Group III (In/Ga)-V (P/As)-VI (S/Se) Monolayers: A New Class of Auxetic Semiconductors with Highly Anisotropic Electronic/Optical/Mechanical/Thermal Properties

We present a theoretical design of a class of 2D semiconducting materials, namely, group III (In/Ga)-V (P/As)-VI (S/Se) monolayers, whose global-minimum structures are predicted based on the particle swarm optimization method. Electronic structure calculations suggest that all group III-V-VI monolayers exhibit quasi-direct semiconducting characteristics with desirable band gaps ranging from 1.76 to 2.86 eV (HSE06 functional). Moreover, most group III-V-VI monolayers possess highly anisotropic carrier mobilities with large anisotropic ratios (3.4-6 for electrons, 2.2-25 for holes). G(0)W(0)+BSE calculations suggest that these monolayers show high optical anisotropy and relatively large exciton binding energies (0.33-0.75 eV), comparable to that (0.5 eV) of MoS2 monolayer.

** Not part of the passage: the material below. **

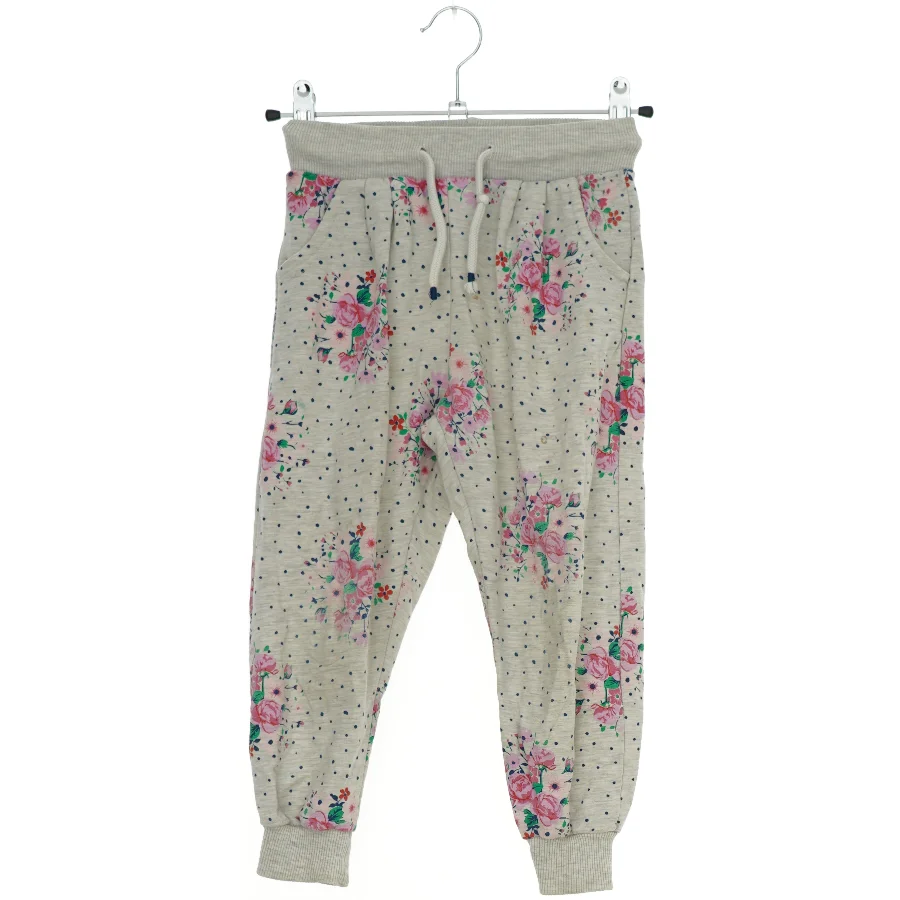 Børne sweatpants med blomsterprint fra VRS (str. 104)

In particular, the GaPS monolayer manifests strikingly anisotropic I-V curves with a large ON/OFF ratio of similar to 10(5) (10(6) for the GaPS bilayer) and anisotropic lattice thermal conductivity. Furthermore, the GaPS monolayer is predicted to exhibit both in-plane and out-of-plane negative Poisson ratios (NPRs) and prominent anisotropic Young moduli.